I got in touch with an old friend tonite. Turns out, her Mum had found me online, and sent my details to her, for her to contact me. I didn’t see the note she’d left me til today, a month after she left it. Luckily, she was online at work when I happened to email her and I got a response in a matter of minutes. She called me later tonite, and we chatted for well over an hour. It was great to hear from her. I spent alot of my younger days with her. I remember we’d sit in her room, listening to The Doors and talking about how much we loved Jarvis Cocker of Pulp. We’d hire a bundle of horror movies every weekend, and terrify ourselves into a stupour late Saturday evening. We’d dissapear Sunday mornings for a walk, which was really only a guise for getting out of the house, to share a few Ciggies. We could barely smoke, I doubt we ever inhaled, but it was thrilling and exciting and set my heart racing. Before we got back to her place, we’d stop by the milk bar and buy a packet of Extra to disguise the smoke breath. Once inside her house, we’d run into her room and cover ourselves head to toe in Waterberry Impulse, just in case the smokey residue still remained on our clothes. They were good days. I miss the thrill I used to get by doing ‘naughty’ things. Stealing a sip of beer from an old relative, being naive enough to think that my parents didn’t know I was smoking, or that they’d believe parents would actually be in attendance at a party where there would be no drinking and no drugs.

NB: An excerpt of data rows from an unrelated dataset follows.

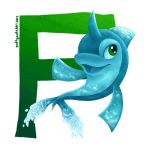  2018 :d blue_theme commentary dolphin english_commentary flotsam_(neopets) full_body green_eyes happy highres horns looking_away neopets no_humans open_mouth puffycute66 signature simple_background single_horn single_letter smile water_neopet white_background 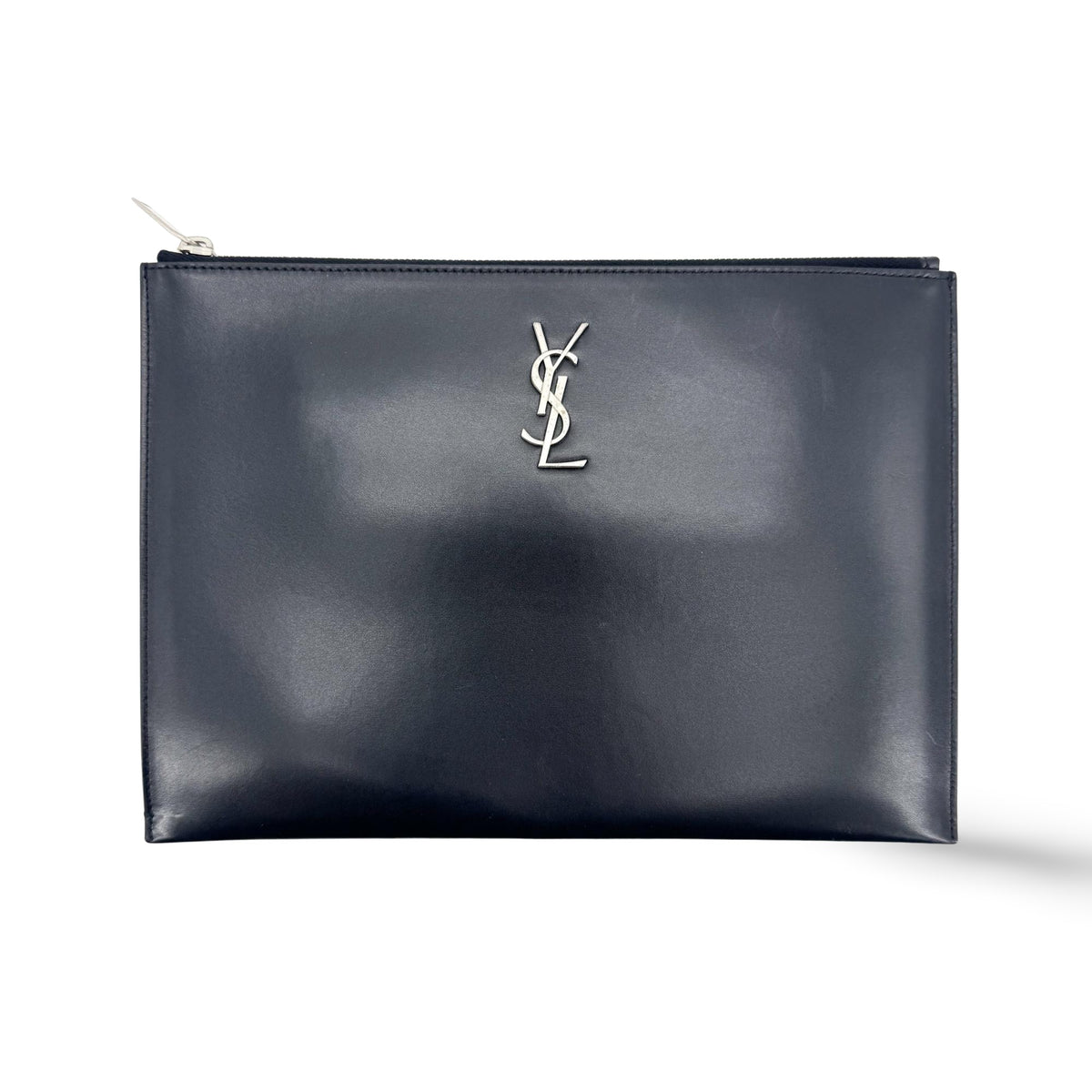 Saint Laurent Classic Monogram Wristlet Leather Black Calfskin Clutche & Pouche Bag (Pre-Owned)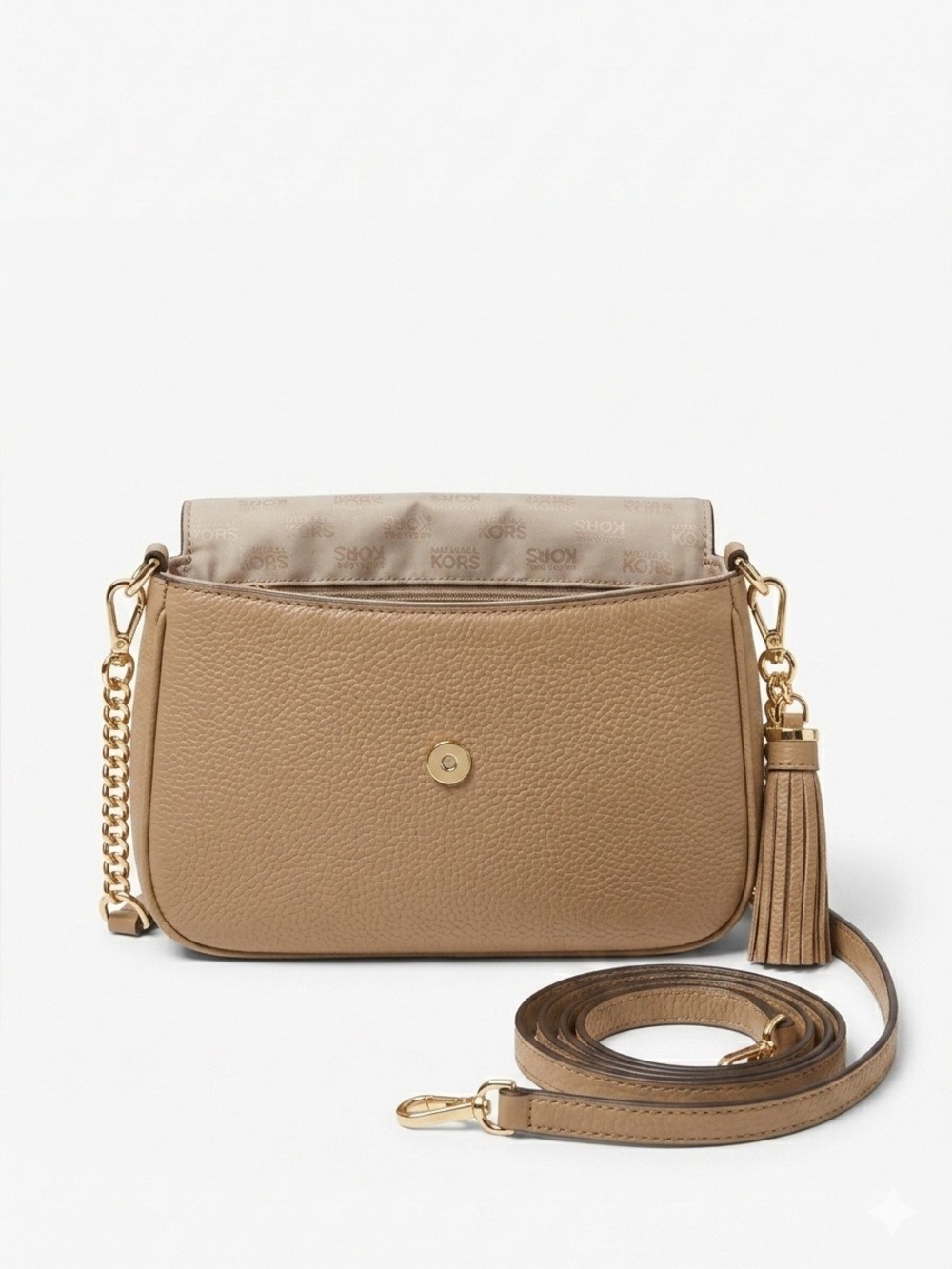 Michael Michael Kors Beige Pebbled Leather Crossbody Bag Gold Hardware EUC - Picture 7 of 7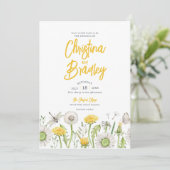 Aquarel Wilde Bloementuin Geel Grijze Bruiloft Kaart (Staand voorkant)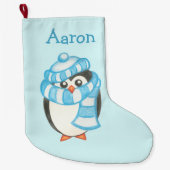 名前パーソナライズされたキッズクリスマスペンギンストッキング ラージクリスマスストッキング (正面)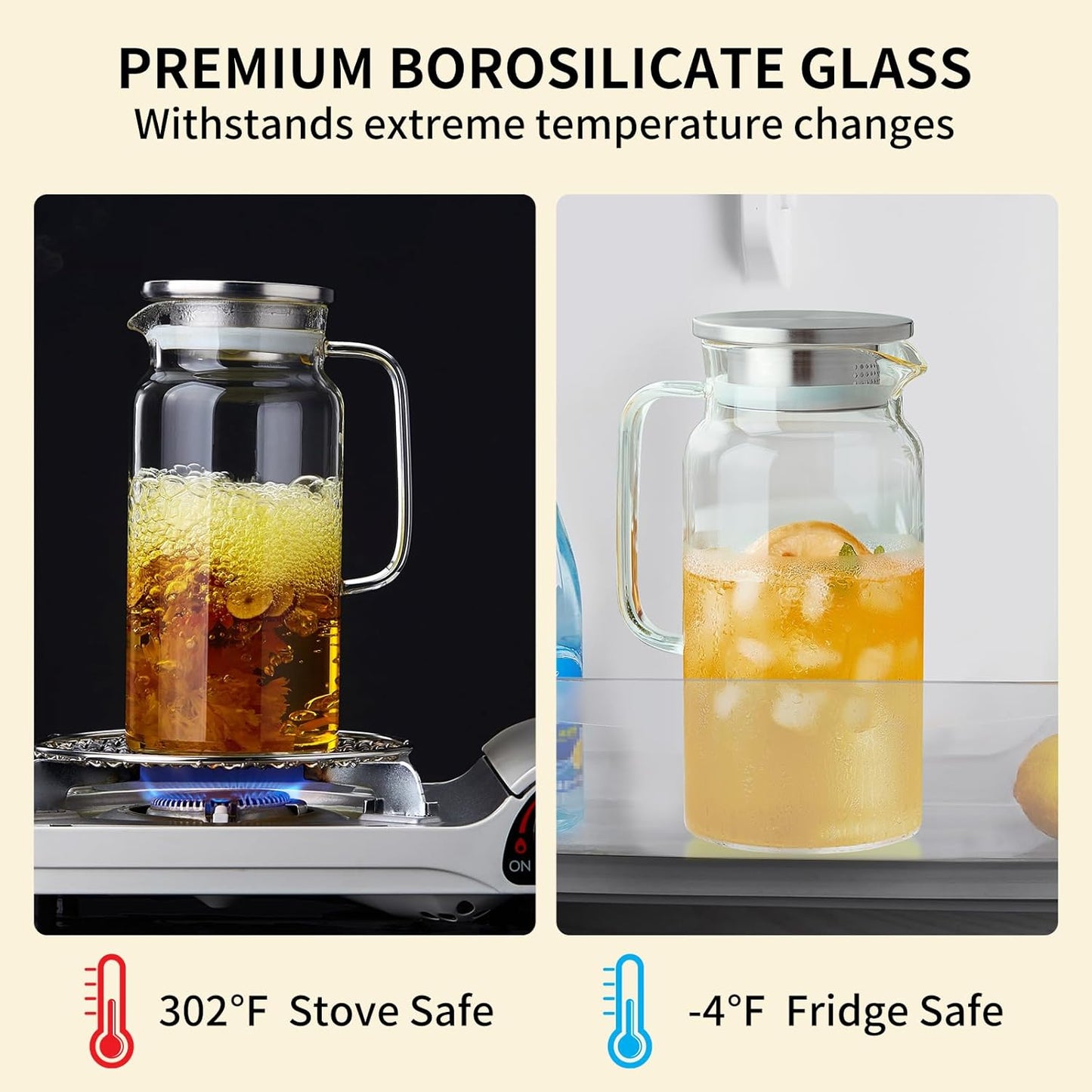 42OZ Glass Pitcher with Lid and Spout, Water Jug, 1250ml Carafe for Hot/Cold Water, Large Iced Tea Pitcher for Coffee, Juice and Homemade Beverage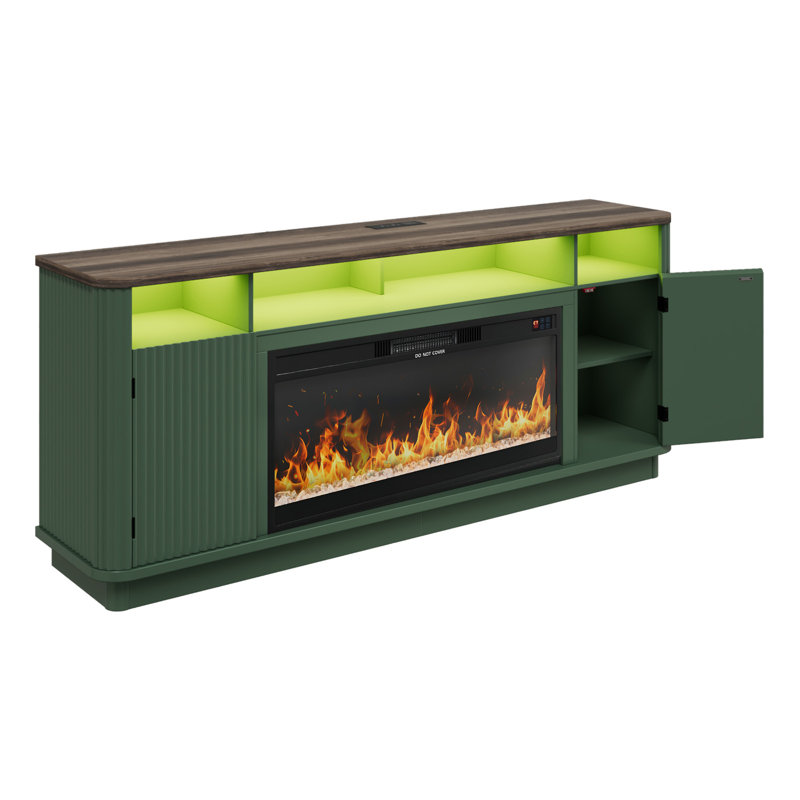 70" Fluted TV Stand For Tvs Up To 80" With Electric Fireplace, Entertainment Center with LED Light & Power Outlet, Vintage Double Door Fireplace Cabinet For Living Room, Bedroom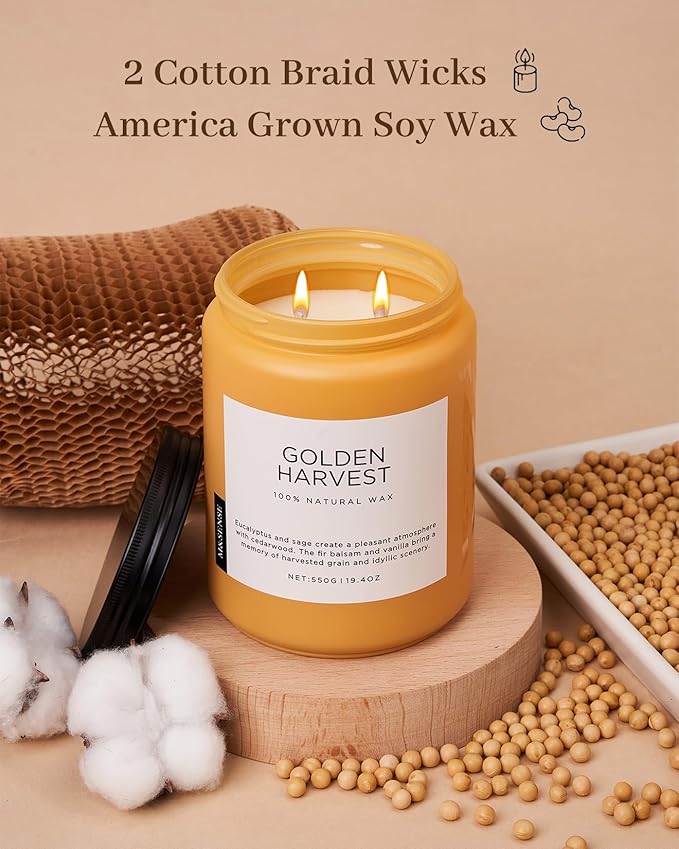 M&SENSE Fall Harvest Scented Candles, 19.4oz 110 Hours Large Natural Soy Long Lasting Slow Burning 2 Wick Scented Candle for Relaxing Stress Relief & Holiday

I remember this girls 14th Birthday party. We had it at her grandparents and there were about 10 girls who came. We drank AC Cola and AC Orange all night, and ate way too many chippies. Later that nite, while we were sleeping, I started to feel unwell. I asked her mum to drive me home at 4am, and that she did. I felt so sick the whole way home, but I held it in…Until I got to the front door. I had to run to the garden to be sick. I remember my mum thanking her mum for bringing me home, and I got in the shower. Mid way thru the shower, my mum walked in and opened the shower screen door. “Have you been drinking??” I stupidly said Yes, because in my days of innocence, I thought she meant had I consumed a beverage. And well, yes, I’d been drinking AC Cola all night. I remember her being really angry, and for the life of me, I couldn’t work out why. I went to bed, and woke up in the mid afternoon. Mum never really mentioned anything after that, so I never mentioned it either. I think ever since, my mum thought I was drunk that night, when really I was just a 14 year old kid who had been drinking too much fizzy drink and jumping around to “Lump” by Presidents of the USA. No wonder I threw up.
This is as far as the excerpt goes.